[Material supplied]
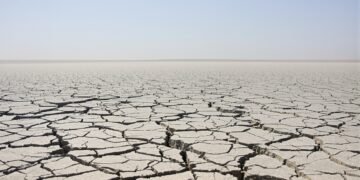 Lecho seco del río Danubio con tierra agrietada por la sequía en Europa Central.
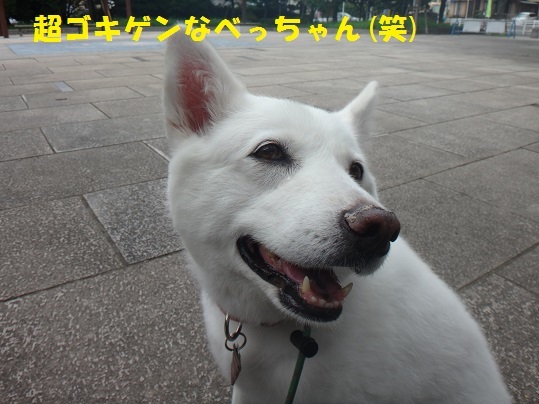 f0121712_15115305.jpg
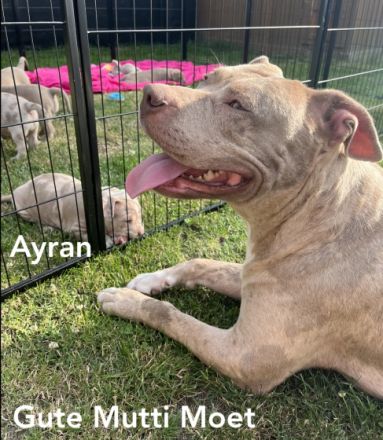 Liebe Bullyfreunde herzlich willkommen! Am 05.05.2022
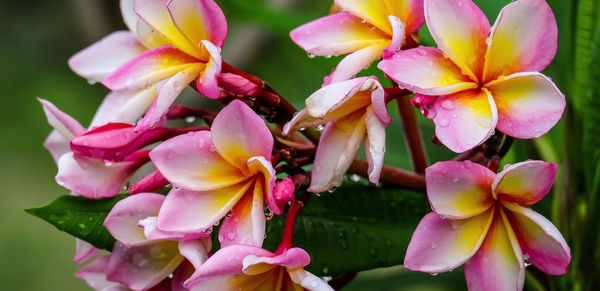 Close-up of wet frangipanis growing outdoors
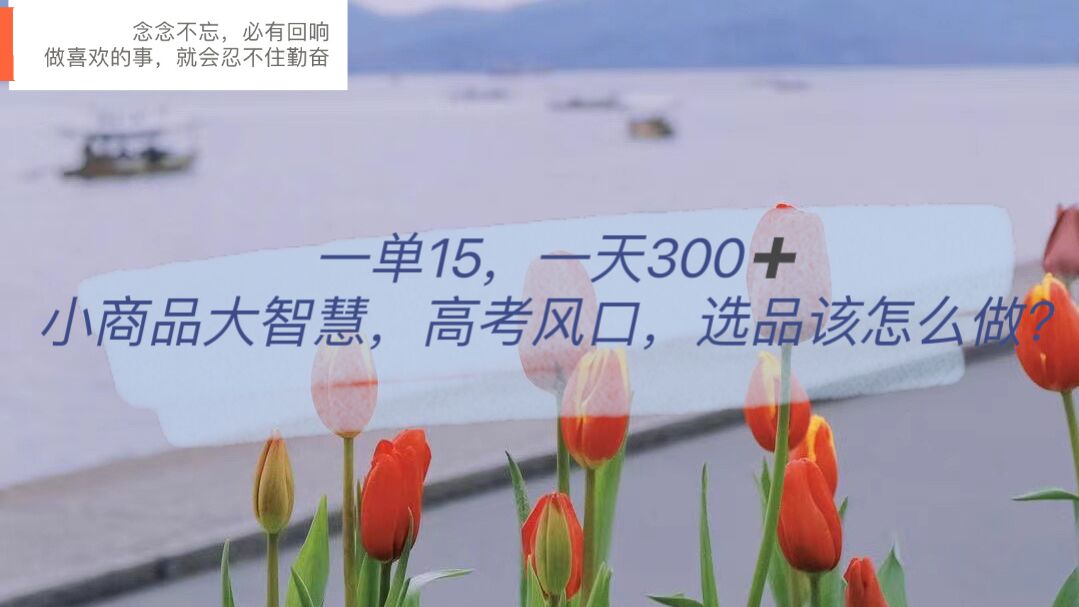 一单15，一天300+，小商品大智慧，高考风口，选品该怎么布局六月网创-网创项目资源站-副业项目-创业项目-搞钱项目六月网创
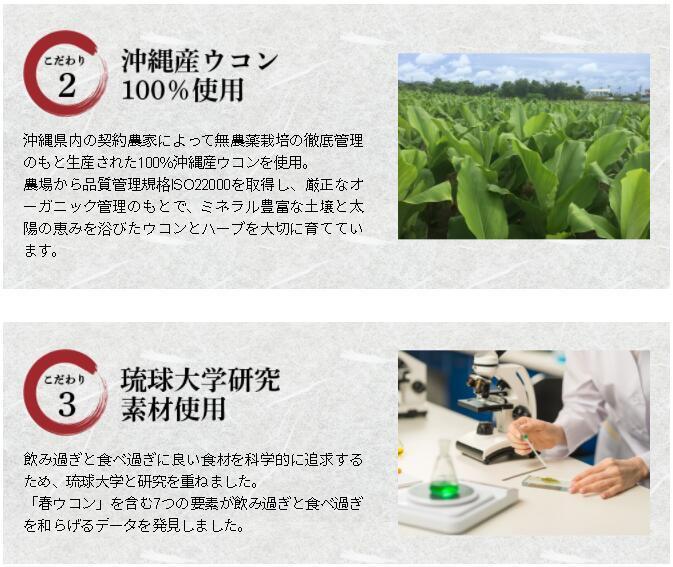  куркума 28% больше количество premium . лампочка sake . легенда 10 пакет (60. входить )*[ sake . легенда. Power Up VERSION ]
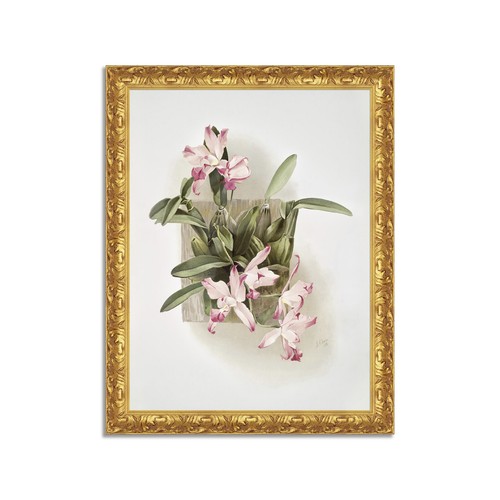 Quadro stampa tela effetto - su,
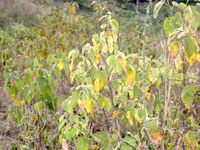 Pereskia horrida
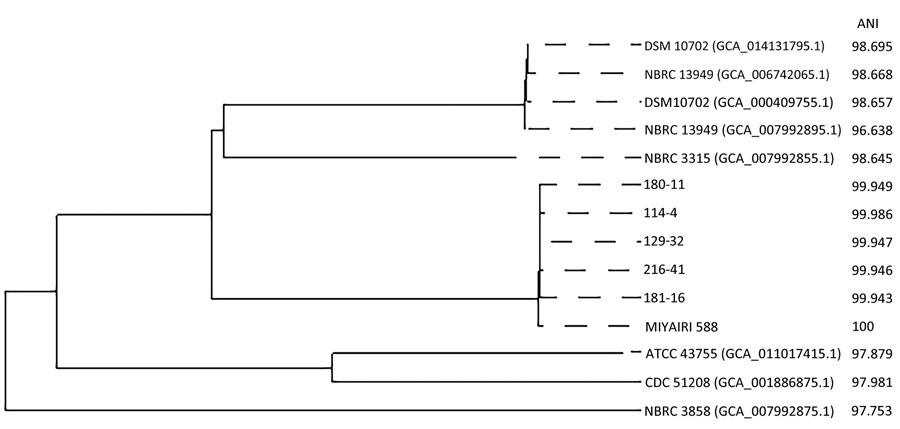 Phylogenetic tree reflecting the relationship between Clostridium butyricum MIYAIRI 588, clinical isolates of C. butyricum, and 8 reference strains based on data from a single-institute, retrospective study, Osaka University Hospital, Japan. Note: 114-4, 129-32, 180-11, 181-16, and 216-41 represent strain numbers of clinical isolates of C. butyricum. MIYAIRI 588 indicates C. butyricum MIYAIRI 588. DSM10702 (GCA_014131795.1), NBRC 13949 (GCA_006742065.1), DSM 10702 (GCA_000409755.1), NBRC 13949 (GCA_007992895.1), NBRC 3315 (GCA_007992895.1), ATCC 43755 (GCA_011017415.1), CDC 51208 (GCA_001886875.1), and NBRC 3858 (GCA_007992875.1) represent 8 reference strains. ANI was calculated using FastANI (31). ANI, average nucleotide identity.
[/Material supplied]
§ Task to carry out:
With the pictures removed, repeat the listing above exactly as it stands.

§ Answer to the problem:
 Lecho seco del río Danubio con tierra agrietada por la sequía en Europa Central.
 f0121712_15115305.jpg
 Liebe Bullyfreunde herzlich willkommen! Am 05.05.2022
 Close-up of wet frangipanis growing outdoors
 一单15，一天300+，小商品大智慧，高考风口，选品该怎么布局六月网创-网创项目资源站-副业项目-创业项目-搞钱项目六月网创
  куркума 28% больше количество premium . лампочка sake . легенда 10 пакет (60. входить )*[ sake . легенда. Power Up VERSION ]
 Quadro stampa tela effetto - su,
 Pereskia horrida
 Phylogenetic tree reflecting the relationship between Clostridium butyricum MIYAIRI 588, clinical isolates of C. butyricum, and 8 reference strains based on data from a single-institute, retrospective study, Osaka University Hospital, Japan. Note: 114-4, 129-32, 180-11, 181-16, and 216-41 represent strain numbers of clinical isolates of C. butyricum. MIYAIRI 588 indicates C. butyricum MIYAIRI 588. DSM10702 (GCA_014131795.1), NBRC 13949 (GCA_006742065.1), DSM 10702 (GCA_000409755.1), NBRC 13949 (GCA_007992895.1), NBRC 3315 (GCA_007992895.1), ATCC 43755 (GCA_011017415.1), CDC 51208 (GCA_001886875.1), and NBRC 3858 (GCA_007992875.1) represent 8 reference strains. ANI was calculated using FastANI (31). ANI, average nucleotide identity.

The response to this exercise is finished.